Belgium has spent months in quiet talks with Washington to salvage the shipment, but the mishandling may have sealed its fate. While intrauterine devices and syringes stored in Kallo could still be rescued, most of the stockpile will go up in smoke, my colleague Thomas Mangin reports.

The capitals

PARIS 🇫🇷

France’s lower house voted on Wednesday to freeze Emmanuel Macron’s contentious pension reform until 2028, in a rare left-right alliance that exposed deep fractures within the governing camp. The suspension – folded into the Social Security Financing Bill to avert a no-confidence vote – reopens the debate that fuelled months of street unrest. For the Socialists, who pushed the measure through with backing from the Greens and Marine Le Pen’s National Rally, it’s a chance to make pensions central to the 2027 race.

STOCKHOLM 🇸🇪

Christian Democrat leader Ebba Busch has rebuked her centre-right coalition partner, the Moderate Party of Ulf Kristersson, after suggesting she could back Social Democrat leader Magdalena Andersson as prime minister in the event of a political deadlock. The remark infuriated the Moderates, prompting Busch to defend herself, saying she is willing to “make deals with anyone” to serve Sweden and accusing the Moderates of trying to “destroy” her party’s voter base and “spread chaos” through media attacks.

ROME 🇮🇹

Education Minister Giuseppe Valditara sparked uproar in parliament after shouting “Shame on you” at opposition MPs who accused his proposed sex education bill of undermining efforts to fight femicide. The League later softened its proposal, limiting the ban on sex education to nursery and primary schools but still requiring parental consent for lessons in middle and secondary schools. Valditara said he was sorry “if anyone felt offended,” as the row reignited Italy’s culture war over respect, consent, and gender equality.

MADRID 🇪🇸

In a seven-hour parliamentary debate, Pedro Sánchez vowed to stay in office until the 2027 elections, defying corruption allegations surrounding his entourage. The pro-independence Basque party Bildu warned that the legislature stood “at a critical juncture,” while Catalan separatist group Junts branded Sánchez “a cynic and a hypocrite.” The premier accused the centre-right Popular Party of “surrendering to the far right,” as VOX said his political fate now “lies with the courts.”

WARSAW 🇵🇱

Nationalist President Karol Nawrocki has escalated his standoff with PM Donald Tusk’s pro-EU government, vowing to refuse 46 judicial nominations on the grounds the candidates back “unconstitutional actions.” Government spokesperson Adam Szłapka called the move – backed by the opposition PiS party – “a power grab and an effort to weaken the justice system.” The dispute could revive years of tension between Brussels and Warsaw over rule-of-law issues under the former PiS government, which the EU had said eroded judicial independence.

PRAGUE 🇨🇿

Acting Interior Minister Vít Rakušan on Wednesday formally asked the European Commission to exempt Czechia from contributions to the EU’s migration solidarity mechanism. The request follows a Commission report listing Prague among capitals under “significant migratory” pressure from Ukrainian refugees. Rakušan said his letter seeks a full waiver of any payments. The incoming populist government, meanwhile, has pledged in its draft programme to reject the EU migration pact outright.

Schuman roundabout

Queue wars: A proposal by unaffiliated far-right MEP Alvise Pérez to scrap the “Fast Lane for Members” in Parliament cafeterias has set off an unusually sharp exchange of emails between lawmakers, seen by Euractiv.

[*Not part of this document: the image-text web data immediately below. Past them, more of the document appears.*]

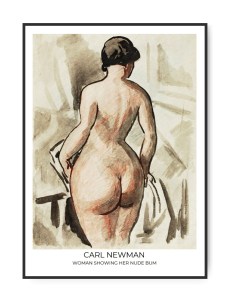 Carl Newman, Woman showing of her nude bum, A3 29,7 x 42 cm plakat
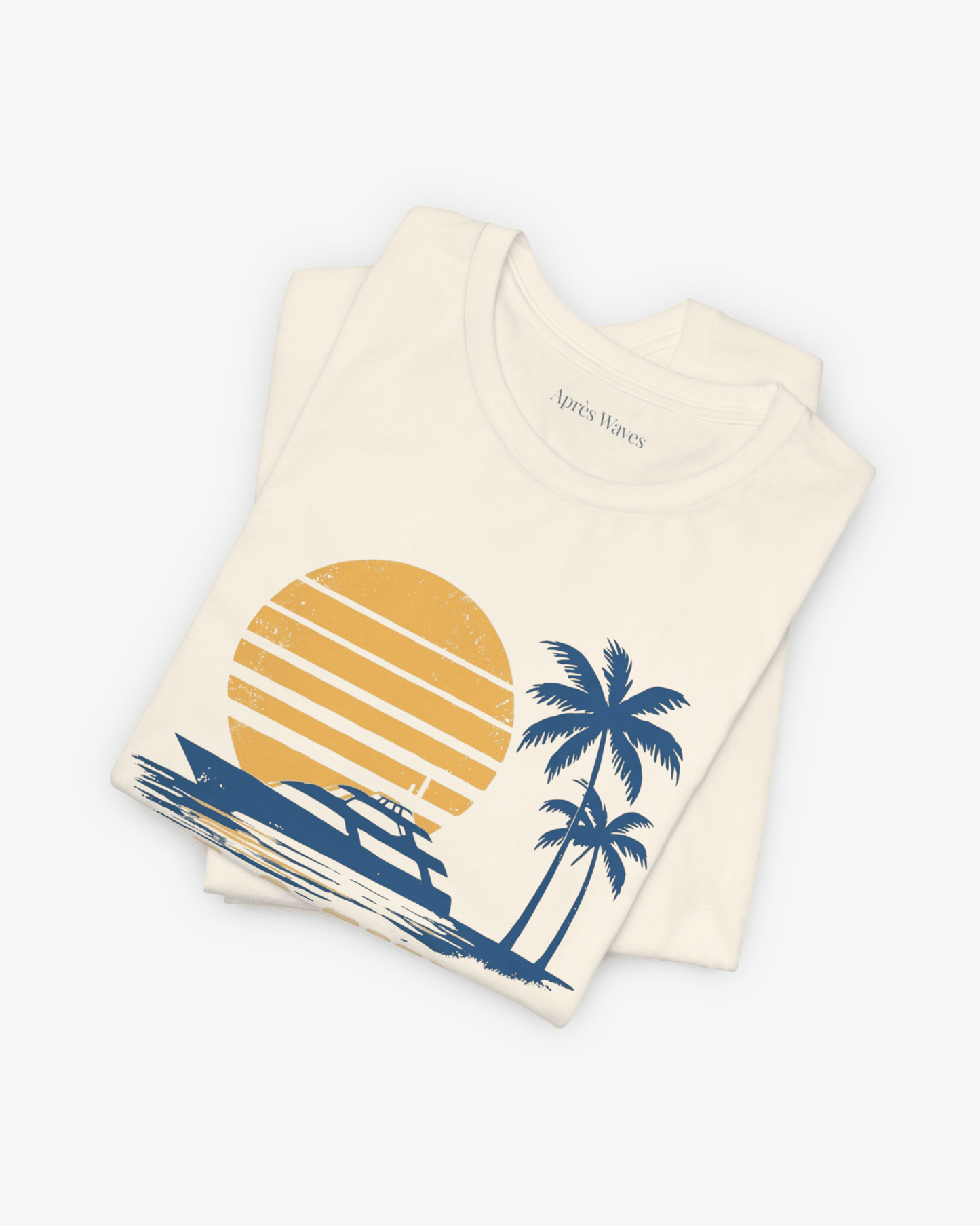 Life in Blue Ecru folded graphic tee - Après Waves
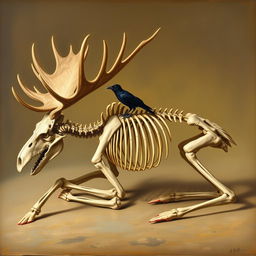 A detailed Renaissance-style painting of a moose skeleton depicted in a sleeping position, showcasing all bones intricately illustrated and clearly defined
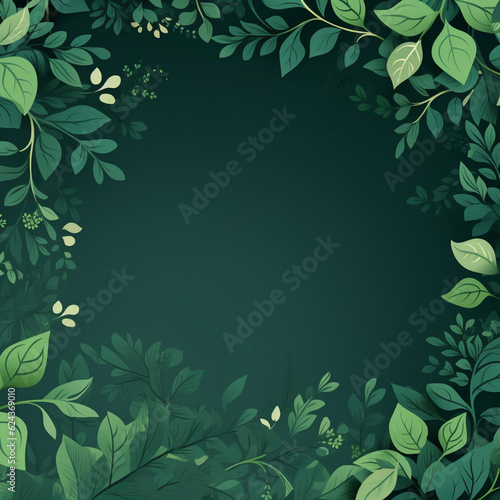 dark green background with green foliage frame top view  Al Generation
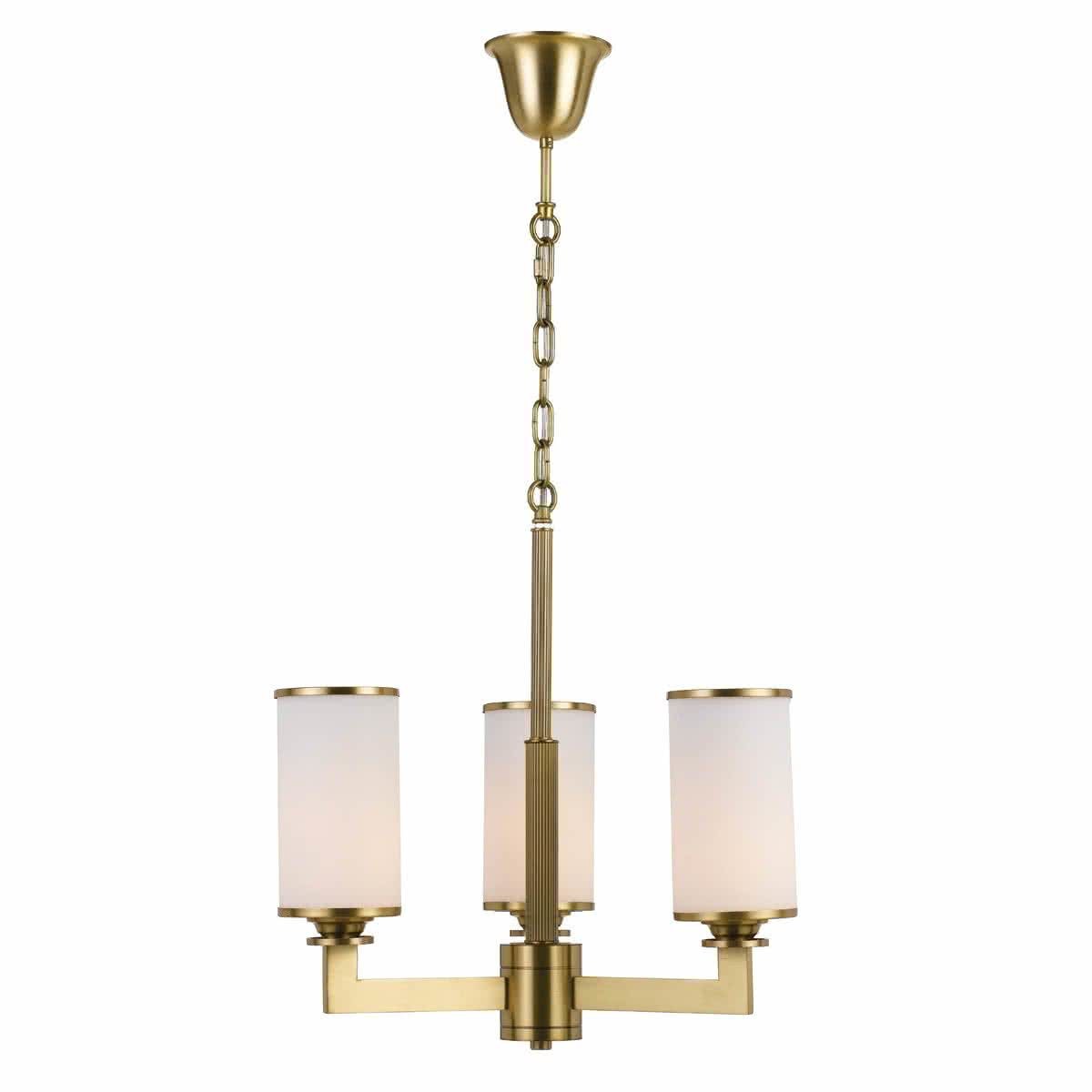 Ahern 3 Light Brass Metal & Opal Glass Pendant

EPP’s Tomáš Zdechovský dismissed the plan as “theatre over cafeteria queues,” prompting Pérez to accuse colleagues of defending “shortcuts for a political class.” ECR’s Assita Kanko then asked to be removed from the thread altogether, saying she had “more than enough emails to handle.” EPP’s Željana Zovko briefly floated extending the fast lane to lifts during the pre-vote rush hour.

New think tankers in town: Former French EU minister Clément Beaune was back in Brussels last night to expand his network – and France’s intellectual reach – with the launch of a local branch of the Commissariat au Plan, the strategic foresight body he now heads.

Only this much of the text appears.